Remote raster data can be directly opened via the `rioxarray` library. Raster data is a type of digital data representation used primary in GIS and remote sensing. It represents spatial information as a grid of cells/pixels.

We will
learn more about this library in the next part of the notebook.

`rioxarray` is an extension of the `xarray` library that provides geospatial raster data capabilities. It bridges the gap between `xarray` and `rasterio` allowing users to work with multi-dimensional arrays that include geospatial metadata.

In [None]:
import rioxarray
# Get the URL for the Near Infrared (NIR) band.
nir_href = assets["nir"].href
# Open the raster file and load it into an xarray data array
nir = rioxarray.open_rasterio(nir_href)
print(nir)

We can then save the data to disk:

In [None]:
# save whole image to disk as a geotiff file
# NOTE: This might take a while
nir.rio.to_raster("data/nir.tif")

Since that might take a while, given there are over 10000 x 10000 = a hundred million pixels in the 10 meter NIR band, you can take a smaller subset before downloading it.

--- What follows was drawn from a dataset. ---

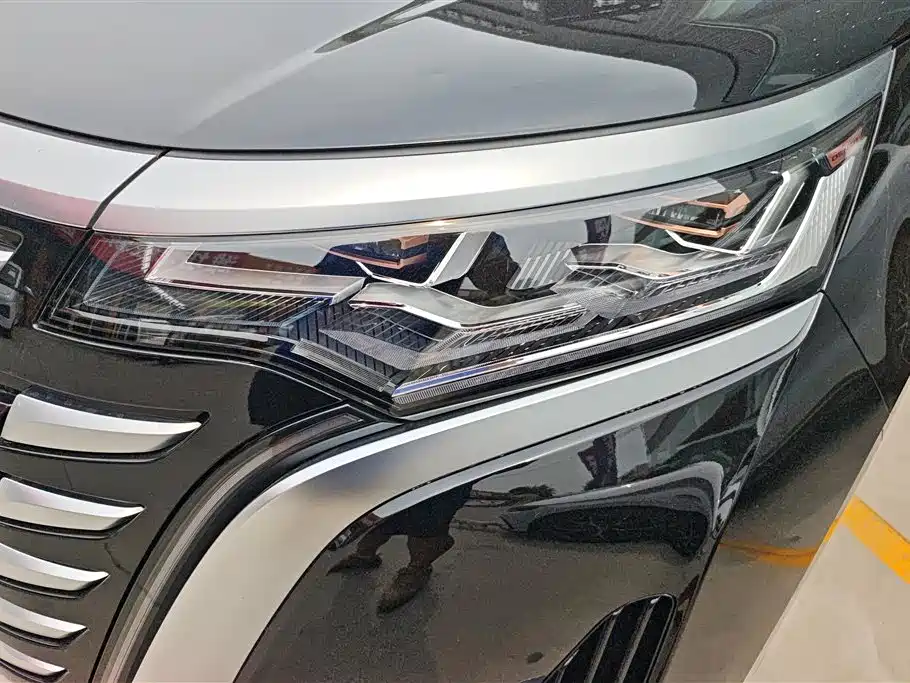 Denza D9 DM-i 970 4 WD Flagship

Because the raster is a COG, we can download just what we need!

Here, we specify that we want to download the first (and only) band in the tif file, and a slice of the width and height dimensions.


In [None]:
# save portion of an image to disk
nir[0,1500:2200,1500:2200].rio.to_raster("data/nir_subset.tif")

The difference is 155 Megabytes for the large image vs about 1 Megabyte for the subset.


## **Exercise:** Downloading Landsat 8 Assets
In this exercise we put in practice all the skills we have learned thusfar to retrieve images from a different mission: [Landsat 8](https://www.usgs.gov/landsat-missions/landsat-8). In particular, we browse images from the [Harmonized Landsat Sentinel-2 (HLS) project](https://lpdaac.usgs.gov/products/hlsl30v002/), which provides images from NASA's Landsat 8 and ESA's Sentinel-2 that have been made consistent with each other. The HLS catalog is indexed in the NASA Common Metadata Repository (CMR) and it can be accessed from the STAC API endpoint at the following URL:
`https://cmr.earthdata.nasa.gov/stac/LPCLOUD`.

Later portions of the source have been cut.